Limon Bahçeleri | страница 16
11
İki ay sonra…
David baş ağrısıyla yatakta uzanıyordu. Ağrılar vakit geçtikçe güçlendi. Ayaklarının tamamen donmasına izin vermeden yavaşça kalktı ve çıplak tabanlarıyla soğuk bir zemine bastı. Pandemide pencereden dışarı bakma arzusu kayboldu. Can sıkıcı derin sessizliği sadece Katedral çanının sesi bölüyordu.
Davi' nin fiziksel formu yayılan bir virüse benziyordu. Kırılmanın üstesinden gelmek zor oluyordu. Sakinleştirici şuruplar ve uyku hapları bir türlü işe yaramıyordu. Bu durum sınırı aşmak üzereydi ve analjezikler, önceki kokain dozu gibi aynı alışkanlığa gelmişti. Sık görülen spazmlar, sarkık beynin uzak köşelerinde kendini hissettiriyordu.
Yarı uykulu bir zihinde pencereye doğru yürüdü ve ıssız bir sokağa baktı. Kafeler, restoranlar, marketler ve butikler kepenklerle sıkıca kapatılırken görünüyordu. David’ in beyaz, buz gibi toz keyif ile mücadele süresi, karantinayla aynı zamana denk geldi.
Pencere pervazında kirli bulaşıklar duruyordu. Hayk ve karısı düzenli olarak yemek gönderirdi. Birkaç gün boyunca David hiçbir şey yememişti.
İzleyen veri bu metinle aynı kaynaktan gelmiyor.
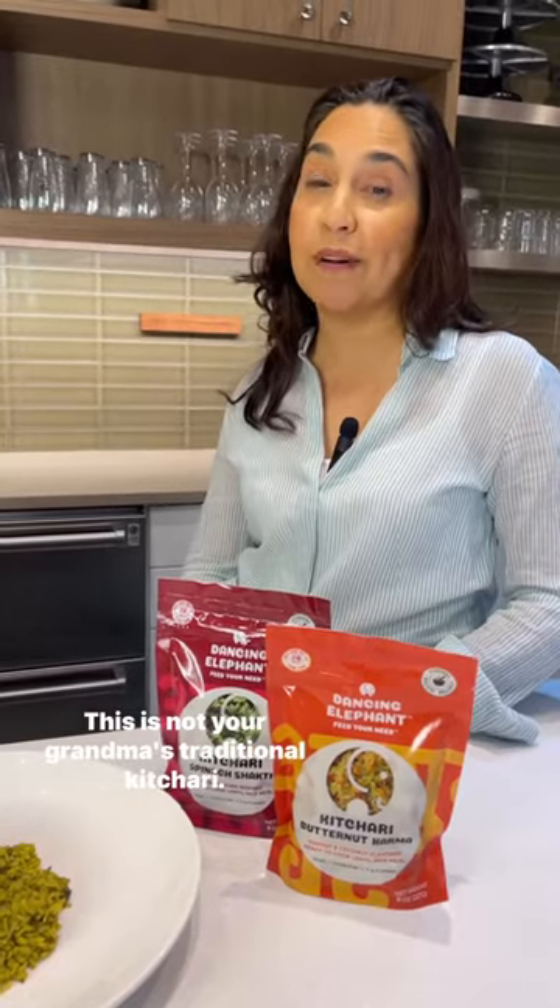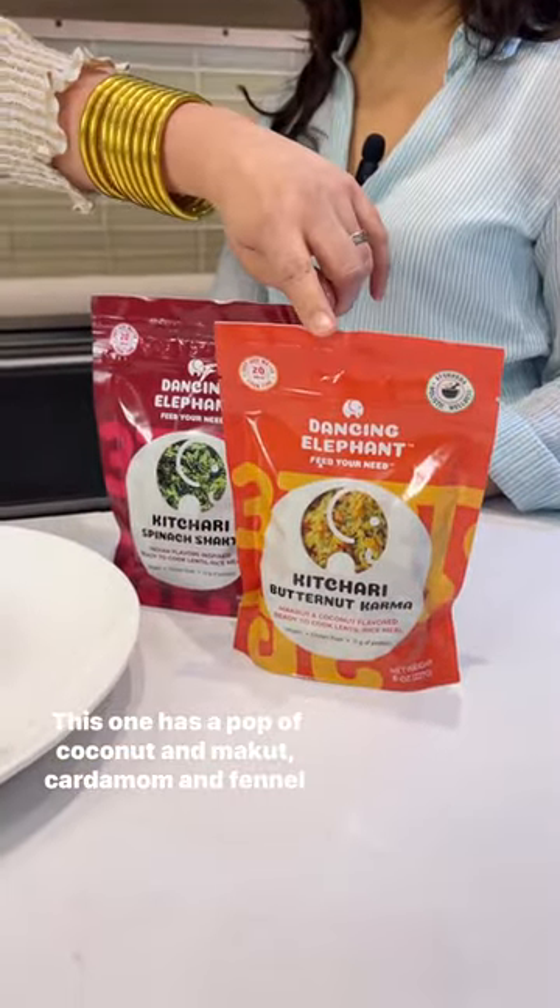This is not your grandma's traditional khitri. We have rice and lentil paste with butternut squash and spinach, quinoa, lentil, and pea. This is an undertone of Indian spices that awaken your senses. This one has a pop of coconut and makroot, cardamom and fennel, and curry leaves.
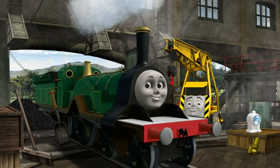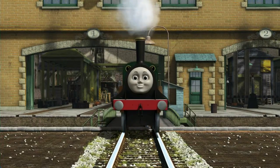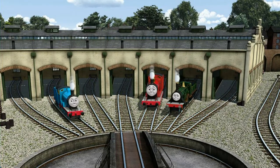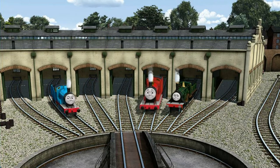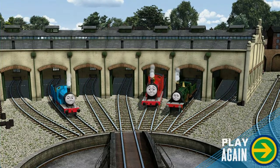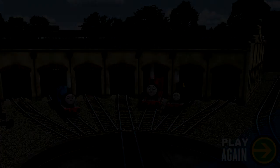You've fixed it! Emily is ready to be really useful again. You helped repair Edward and James and Emily. You did a great job!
Kurutulmuş ekmek ve jambonu fark edince, sıcak kahvenin dumanını ve doyurucu bir sandviçin tadını hayal etti. Buzdolabına gitti, birkaç çeşit peynir ve jambon çıkardı. Kapsülü, kahve makinesine attı ve Americano düğmesine bastı.
Bir sonraki saat boyunca David üç fincan kahve içti. Akşam yemeğini düşünürken gözleriyle telefonu buldu. Ekranda göz gezdirirken, ilk gördüğü cevapsız aramalar oldu. Birisi onu, inatla bu uykusundan çıkarmak istemişti. Hayk tam beş kez aradı…
Davi bir mesaj yazdı ve aramasının ilk gününde tattığı konyak ile bir saat sonra ona uğramasını rica etti.
Komodinin yanına yaklaştı ve İtalya'da kaldığı süre boyunca ele geçirmeyi başardığı tek tek kâğıtların üzerinde parmaklarını gezdirdi. Bu sayfalar, arşiv bilgilerinden veya okul alıntılarından daha fazlasıydı. Annette'nin gerçek hikâyesi, onu Amasya'nın limon bahçelerinden ve Anadolu'nun engebeli yollarından tam da İtalyan Donanma Filosunun gemi güvertesine kadar sürükledi.
David büyükannesinin bilmediği kıyıya yakın bir gemi enkazının hikâyesini hatırladı. Çocukken bunları düşünerek uykuya dalardı ve anlatımındaki her detayı rüyasında görürdü. O zamandan bu yana 30 yıldan fazla geçmişti. Şimdi her şey yerine oturuyordu. "Senaryolar icat edilmez, gerçek hikâyelerde bulunur" diye düşündü.
Kafasında bir ritim vardı ve henüz yazılmamış bir parçanın, yeni bir melodinin temposu çalıyordu. Defterinden bir parça kâğıt yırttı ve net bir plan yazdı.